## What to produce
Would you write out the lines below exactly, from the one containing "Bremsaggregat ABS Skoda" to the very last, but without the pictures?

## Dataset
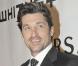 Patrick Dempsey va faire tourner la tête de Julia Roberts, Jessica Biel et bien d'autres... Quel tombeur !
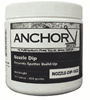 Anchor Brand Nozzle Dip Part #386-1075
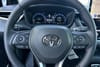 21 thumbnail image of  2026 Toyota Corolla SE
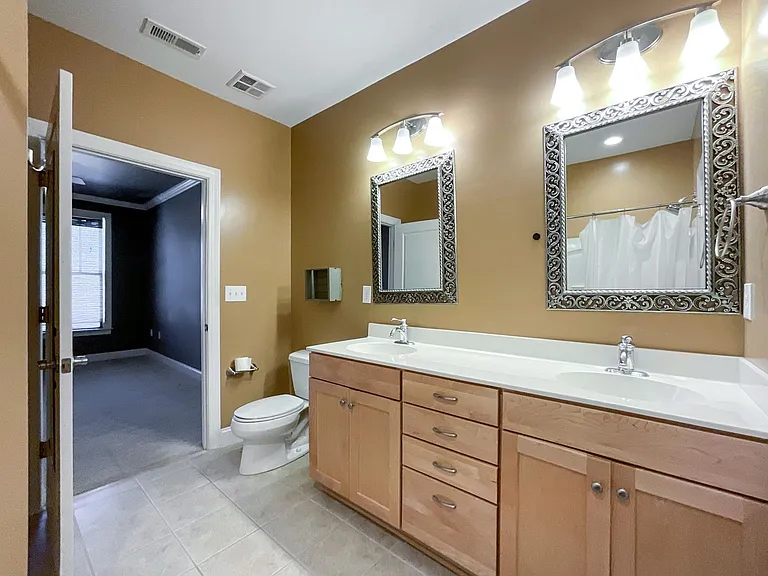 518 Clarice Ave #308 — Photo 39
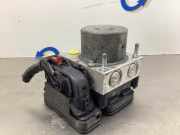 Bremsaggregat ABS Skoda Fabia II Kombi 545 6R0907379AS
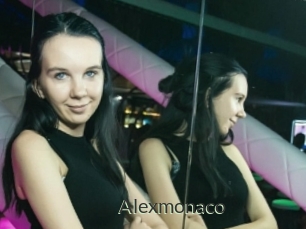 Alexmonaco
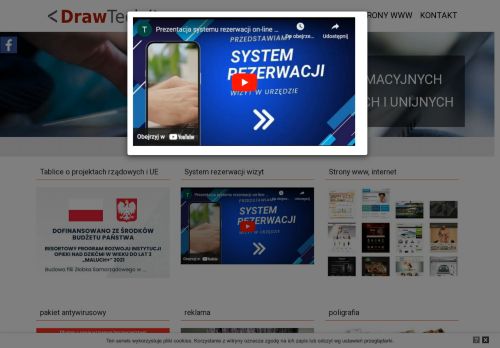 drawtech.pl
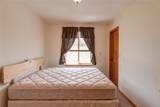 1127 Arrowhead Drive - Photo 36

## Answer to this problem
 Bremsaggregat ABS Skoda Fabia II Kombi 545 6R0907379AS
 Alexmonaco
 drawtech.pl
 1127 Arrowhead Drive - Photo 36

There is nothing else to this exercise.